(Records from a dataset)

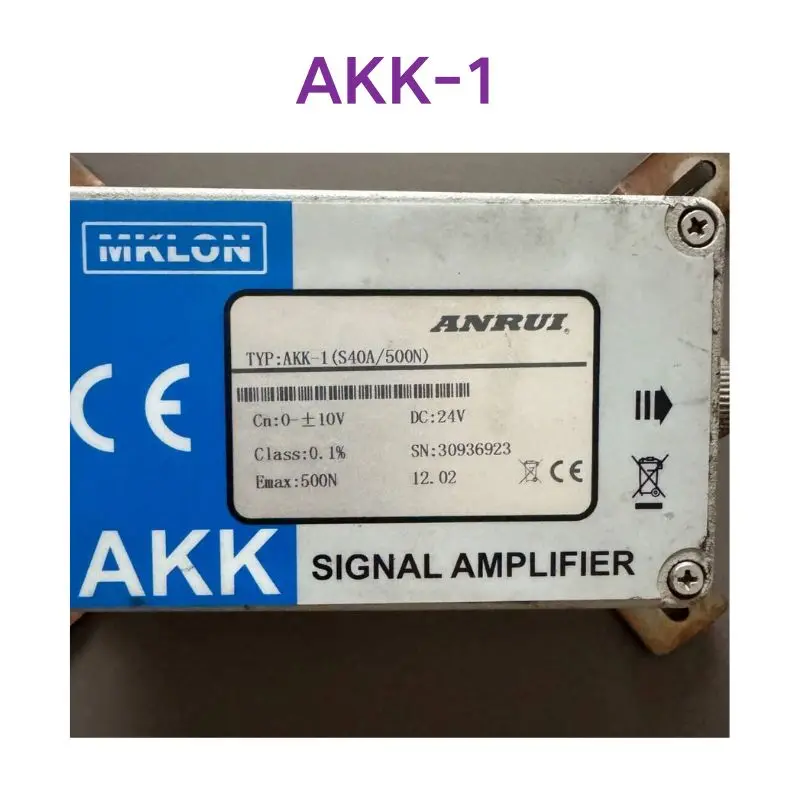 Second hand test OK Weighing sensor junction box AKK-1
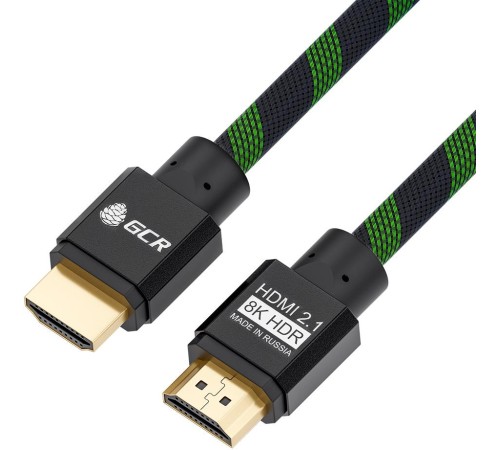 Greenconnect Кабель HDMI 2.1, 8K 60Hz, 4K 144Hz, 1.0m , динамический HDR 4:4:4, Ultra HD, 48.0 Гбит/с, тройное экранирование, ферритовые фильтры, GCR-51833 Greenconnect Кабель HDMI 2.1, 8K 60Hz, 4K 144Hz, 1.0m , динамический HDR 4:4:4, Ultra HD, 48.0 Гбит/с, тройное экранирование, ферритовые фильтры, GCR-51833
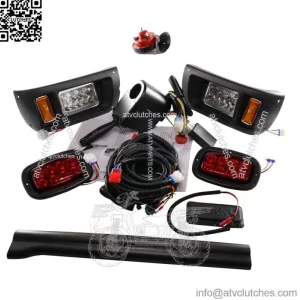 Club Car DS Deluxe LED Light Kit Street Legal Kit For 93-2013 DS W/ Factory Body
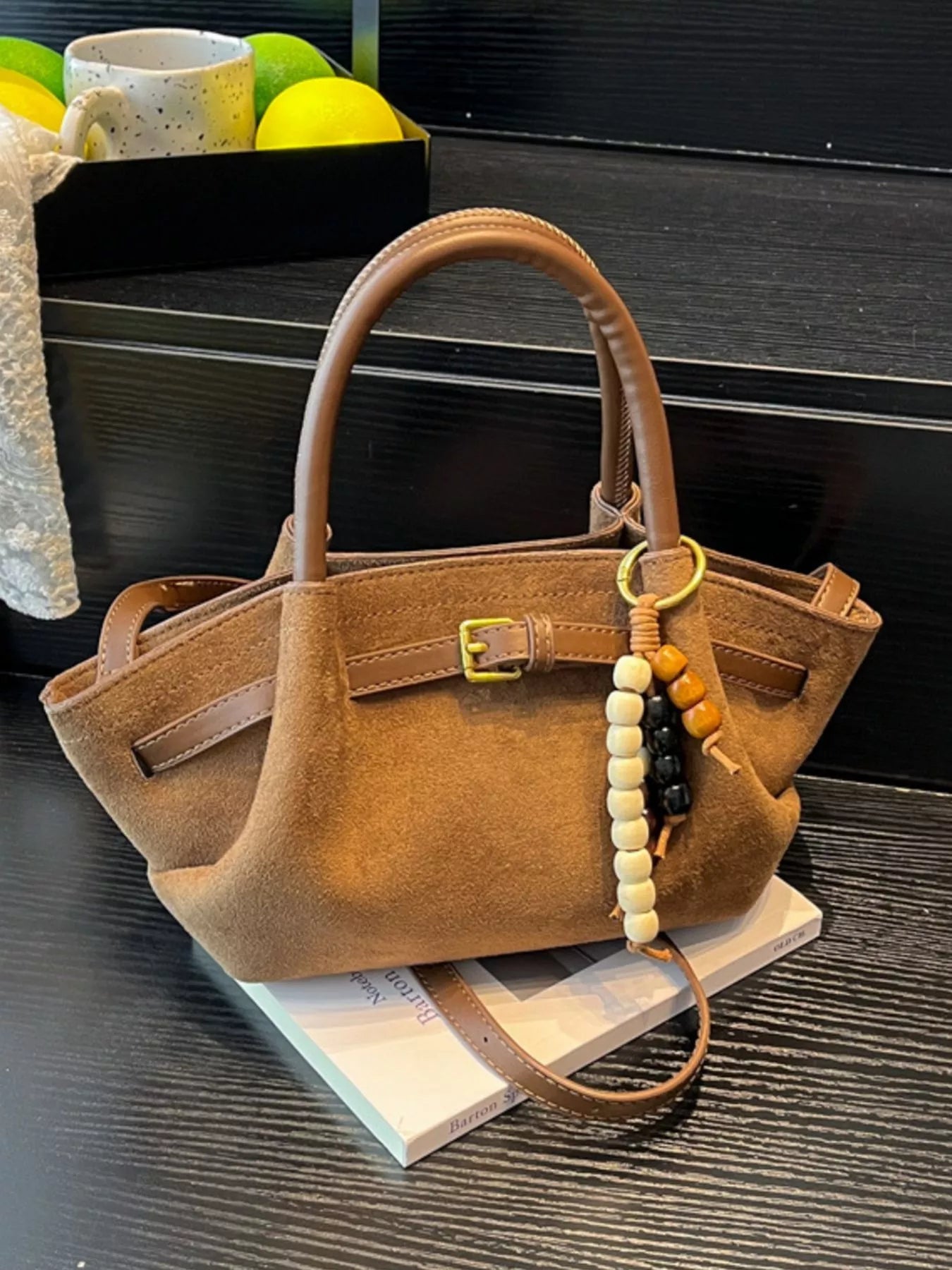 Buckle Decor Tote Bag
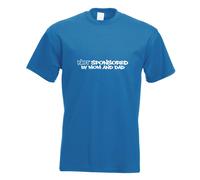 T-Shirt Non Sponsorisé Par Maman Et Papa Imprimé Funshirt Design Impression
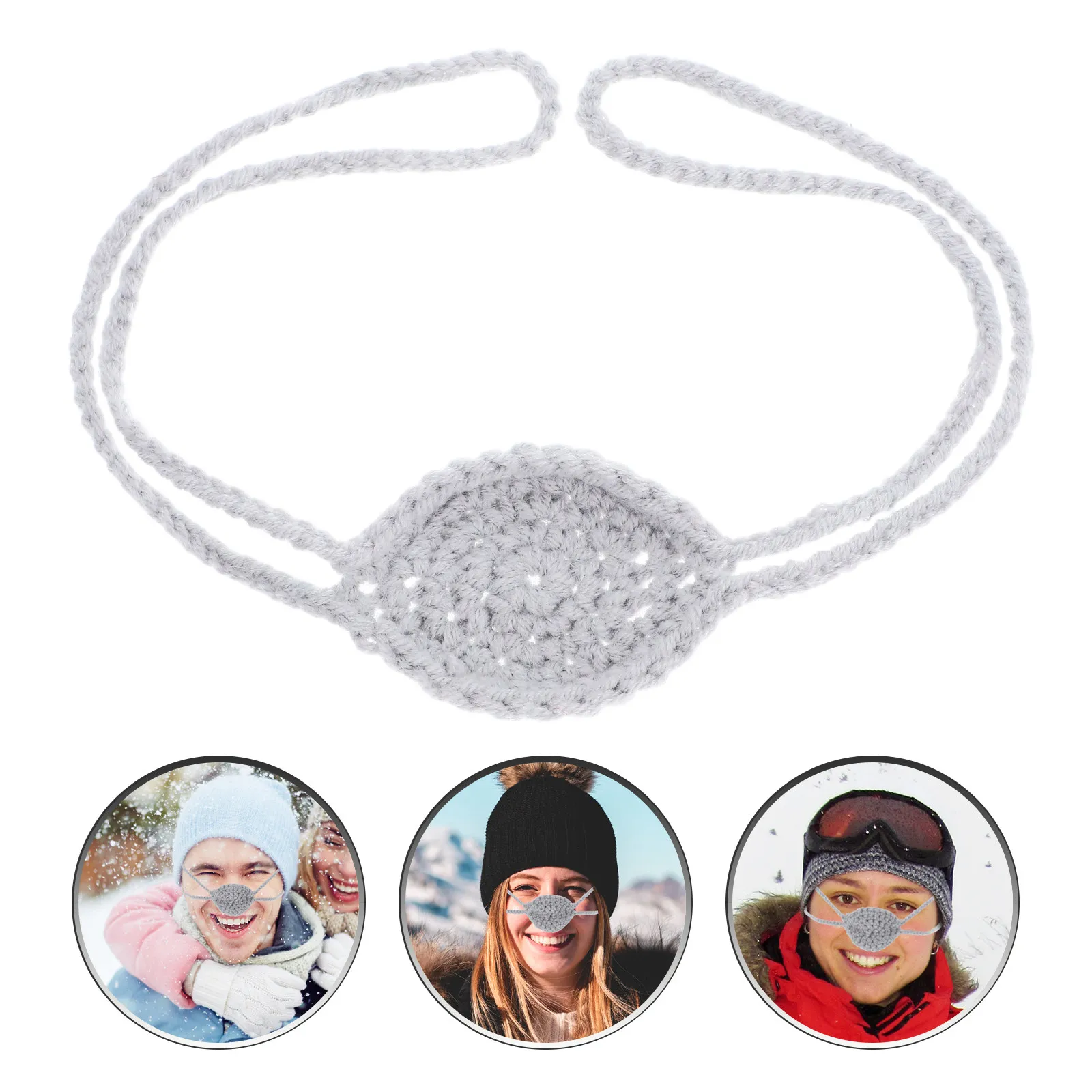 

Soft Comfortable Winter Nose Warmer Crochet Nose Cover Protection for Cold Weather Skiing Outdoor Activities Snowboarding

→ **EXERCISE**: Give again, word for word, only the lines from the line containing "Buckle Decor Tote Bag" through the last line above, both included; leave the pictures out.

→ **RESPONSE**:
 Buckle Decor Tote Bag
 T-Shirt Non Sponsorisé Par Maman Et Papa Imprimé Funshirt Design Impression

Soft Comfortable Winter Nose Warmer Crochet Nose Cover Protection for Cold Weather Skiing Outdoor Activities Snowboarding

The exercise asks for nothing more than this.